Florence, 2001

Here is another one from the archives for you…

One of the best ways to find great restaurants in a new city is to ask the locals. You can often find places that you might otherwise bypass, or not pass at all. Plus, in the pre-blog world, it was either that or a (likely outdated) guidebook. Fortunately for you, dear reader, you have me.

In the fall of 2001, on the heels of September 11, we traveled to Italy to celebrate a friend’s wedding. At that time, I had a lengthy commute and spent plenty of time in the car. Alone. So I got language tapes (yes, the cassette kind). Ann Johnson (as in “Ann Johnson arrives in Italy and must claim her luggage. Excuse me, where is baggage claim?” “Mi scusi, dov’è ritiro bagagli?”) and I spent many quality hours in the car together. I learned about her travels, hotel stays and useless words like laundromat (“Levanderia“). I learned mediocre pronunciation and enough vocabulary to make me think I actually spoke Italian. I even managed to trick a few locals into believing it, too, if only for a minute.
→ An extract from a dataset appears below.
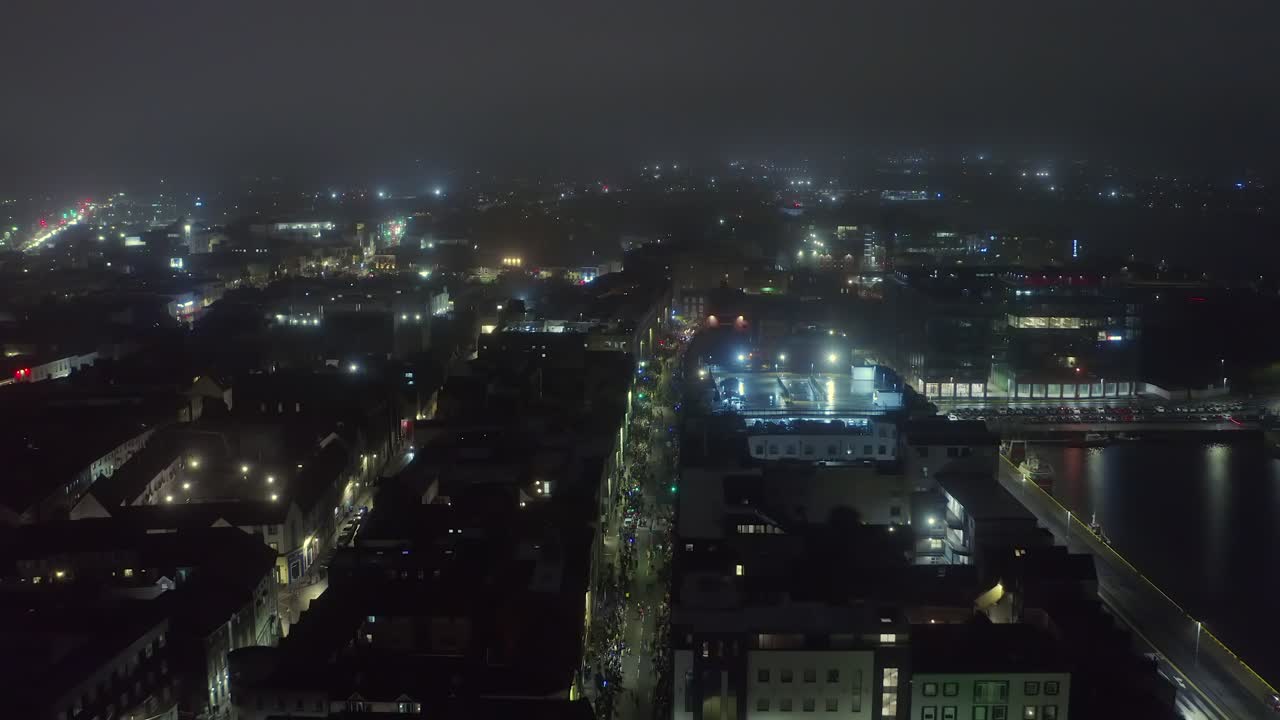 Aerial pullback of Galway’s Halloween parade on a misty, spooky night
We celebrated at the wedding (“YMCA” with a room full of Italians is hilarious), wandered around Florence for a day or two on our own before making our way to our friend’s house. As we wandered through the city, with no real plan at lunchtime, we happened upon a place that looked good, called Baldovino. We stopped in, were greeted warmly (as we were by most people we encountered in Florence) and having practiced my full sentence in Italian for ten minutes prior to our arrival, I asked for a table for two, please. When the hostess asked me if I wanted to sit inside or outside, I was flummoxed. Ann Johnson had not gone any place where she was asked that question on my language tapes. Immediately, the hostess switched to perfect English, and we had a whole conversation about how she could not believe we were not Italian. (It must have been the dark hair, and lack of tennis shoes or fanny pack.) She insisted that I must be a first generation American. Nope, fourth.

We had a terrific meal, and later that afternoon made our way over to our friend’s apartment where we would stay for the remainder of our time in Florence. As we got there and were settling in, we were discussing where we would be going for dinner. (See? It is not just me. My friends can be all about the food, too!) She started asking us what we had done during the day. As we replayed the day in great detail (highlighting lunch, of course), she said “Oh no! You went there?” Incredulous. “But it was really good,” I told her. “Yes. It is. It is one of my favorites, and I was going to take you there for dinner tonight.” So, you see, had I asked the local, we would have ended up at the same restaurant. Unfortunately, it doesn’t always work out that way. At least now we have more resources –  and international cell phone plans.

By the way, Baldovino is still in the Santa Croce area of Florence, so if your travels take you there be sure to let me know how it is!